*** Opening Data block ***

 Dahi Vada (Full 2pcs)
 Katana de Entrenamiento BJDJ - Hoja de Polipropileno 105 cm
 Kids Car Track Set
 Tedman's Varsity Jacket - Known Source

*** Closing Data block ***

What is needed:
Please give each line above again, word for word.

Answer below:
 Dahi Vada (Full 2pcs)
 Katana de Entrenamiento BJDJ - Hoja de Polipropileno 105 cm
 Kids Car Track Set
 Tedman's Varsity Jacket - Known Source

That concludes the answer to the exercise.